Bharata’s own summary of his dramatic theory is as follows: “The combination called nāṭya is a mixture of rasas, bhāvas, abhinayas, dharmīs, vṛttis, pravṛttis, siddhi, svaras, instruments, song and theatre-house”.

While Western practitioners usually tend to structure everything for its utilisation, Art practitioners in the East cross the threshold of the comprehensible constructed level to a state of esoteric obscurity beyond the well-structured and rehearsed material. I believe that a big leap leads to the experience. A leap is indispensable.

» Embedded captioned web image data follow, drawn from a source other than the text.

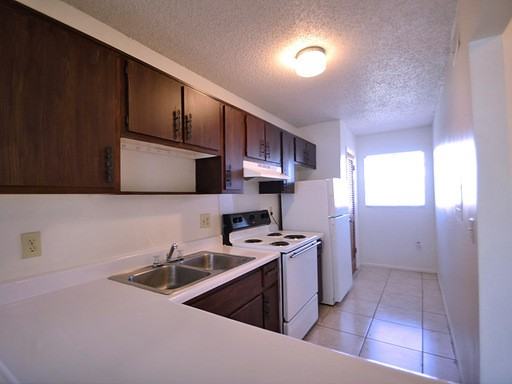 736 E 1st St #D - Photo 2 of 7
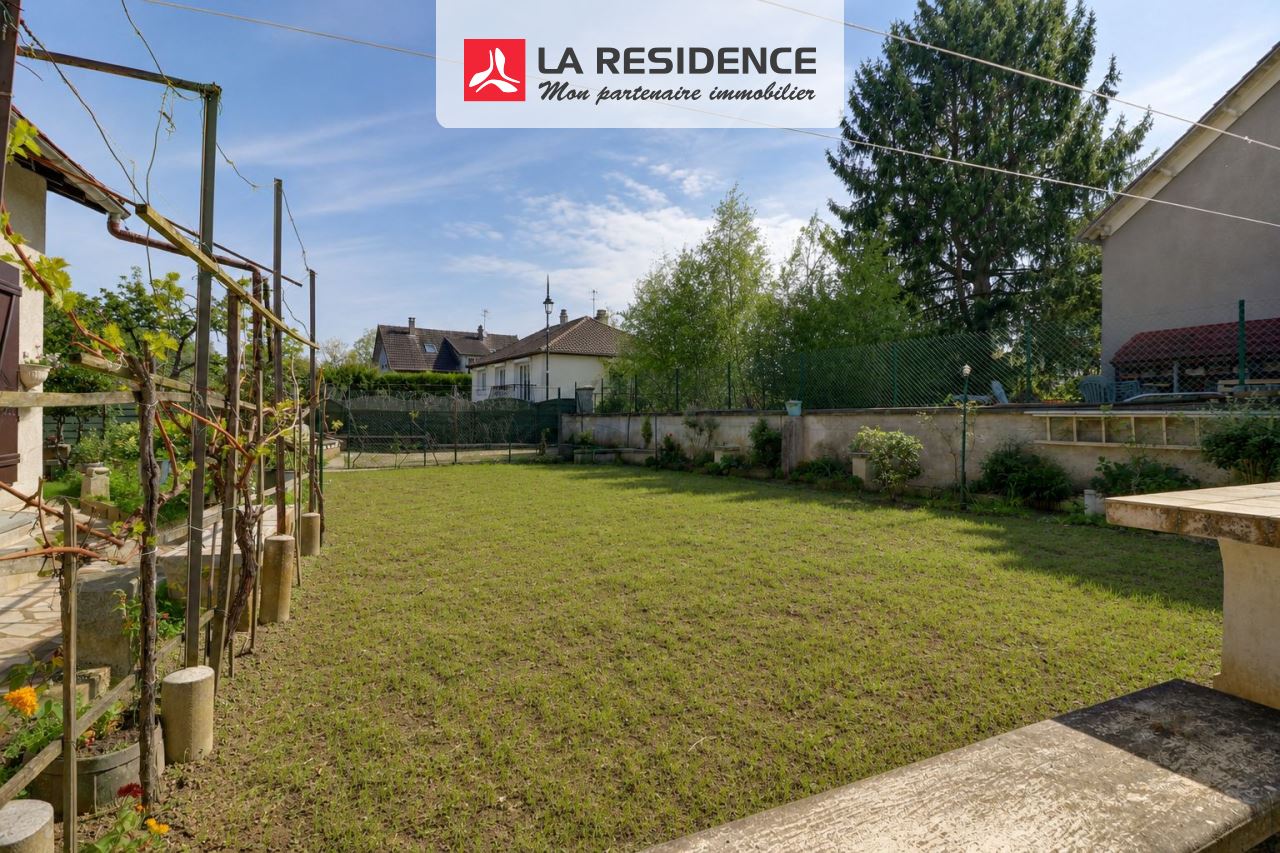 Maison à vendre à Montfort-l'Amaury, 7 pièces, 170 m2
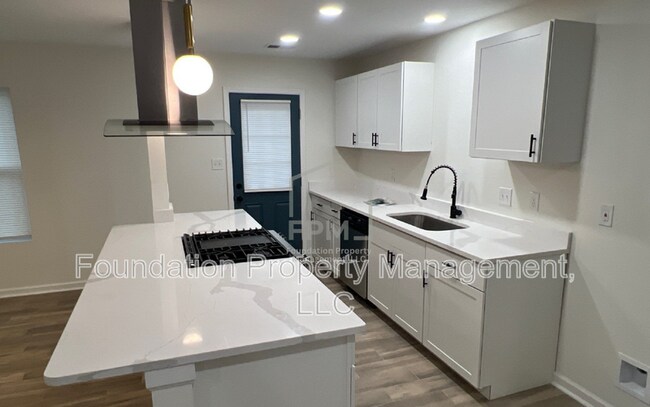 Foto del edificio - 3851 Selden Cove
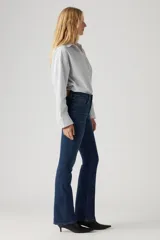 Pantalón de jean azul oscuro, de corte bootcut y tiro alto.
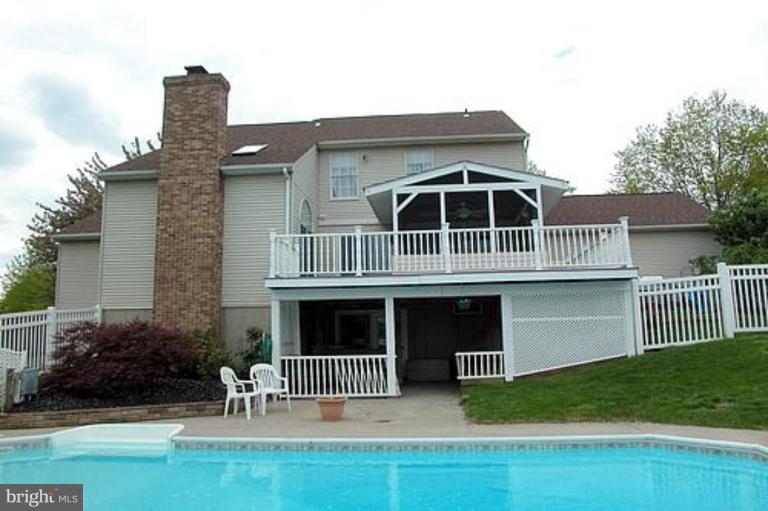 10368 Boca Raton Drive Ellicott City, MD 21042 - Photo 18 of 30 Exterior (Rear)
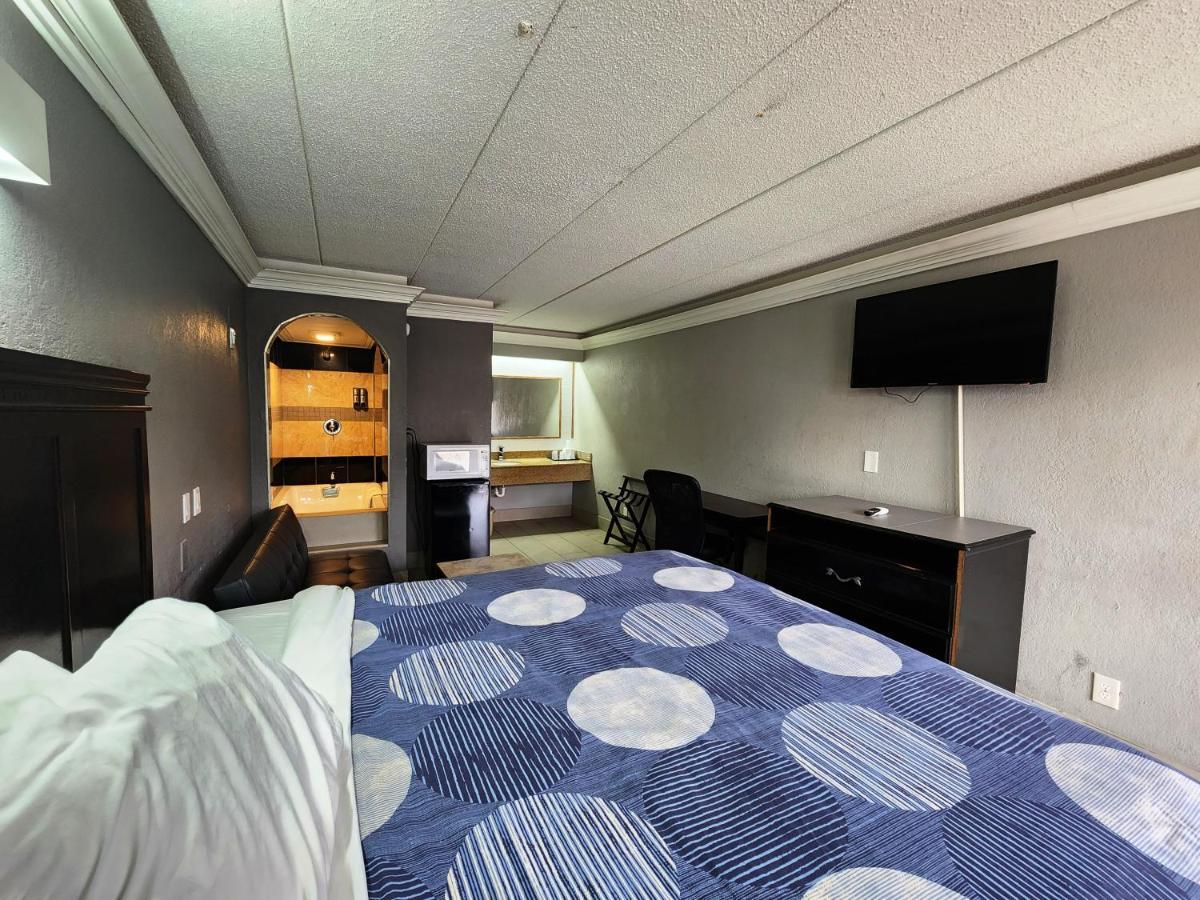 Americas Best Value Inn And Suites Little Rock Bagian luar foto
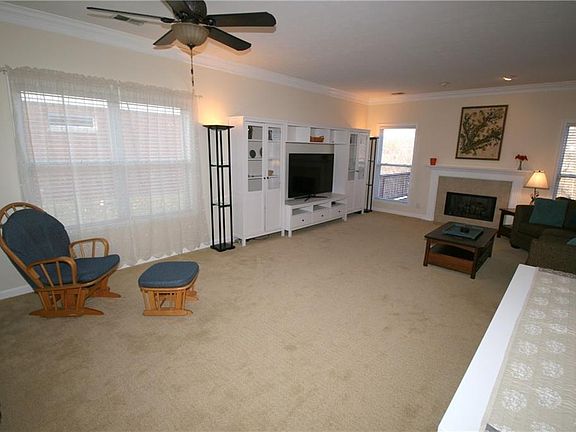 5th image of 8418 Somerville Dr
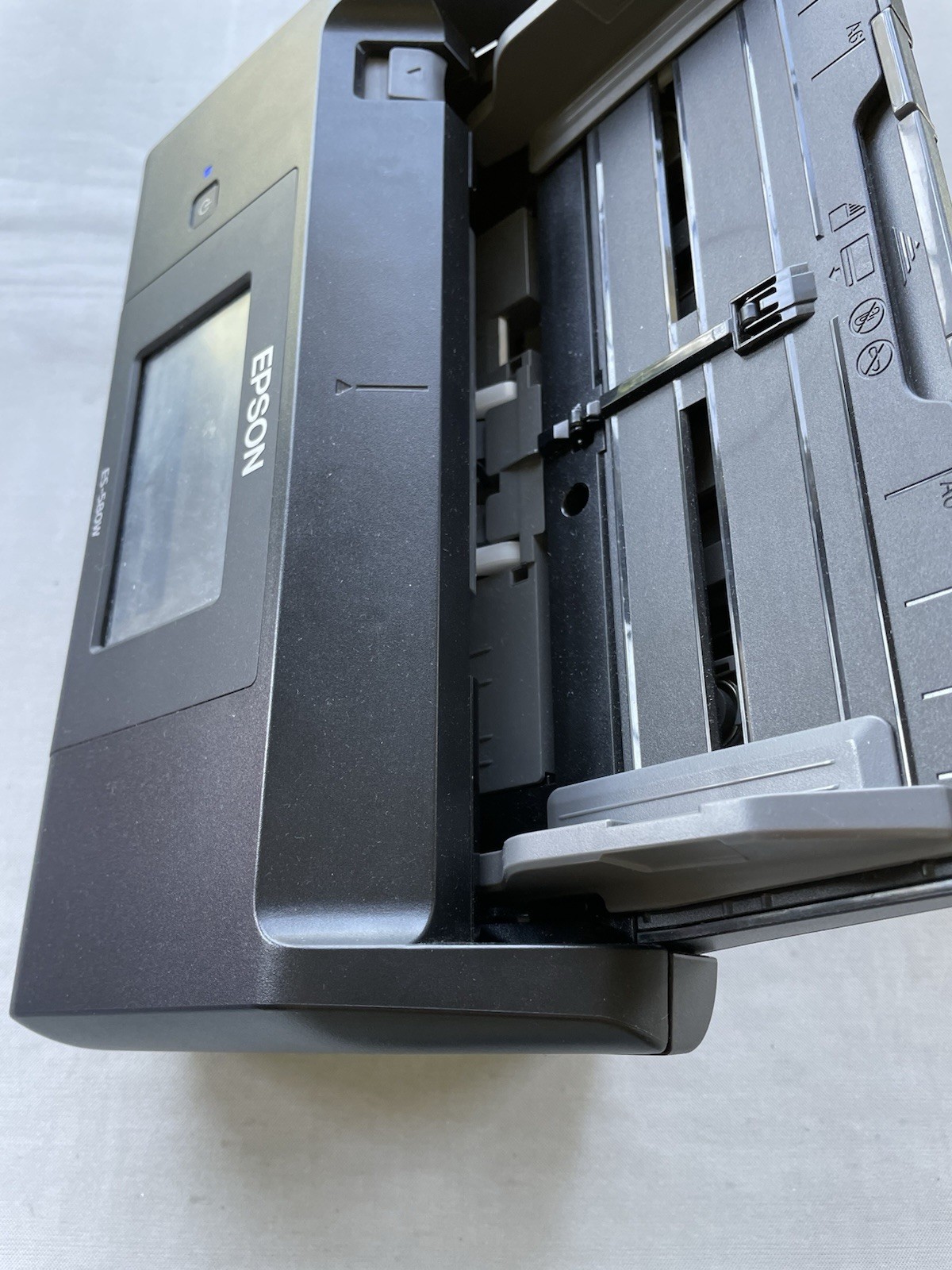 Epson WorkForce ES-580W Wireless Color Duplex Desktop Document Scanner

I found Eugenio Barba deeper in his search and use of Indigenous methods or techniques. One of his passages on Indian Art practices endorses my views. He writes, “Continuity in the arts relies on human beings. Written texts may record certain principles, but the belief in the efficacy of the living teacher goes back to the time of the ancient sage/teacher, Narada: ‘What is learnt from reliance on books and is not learnt from a teacher does not shine in an assembly’.” Most of the crucial knowledge is transferred through non-verbal means and their nuances of expression exist beyond words.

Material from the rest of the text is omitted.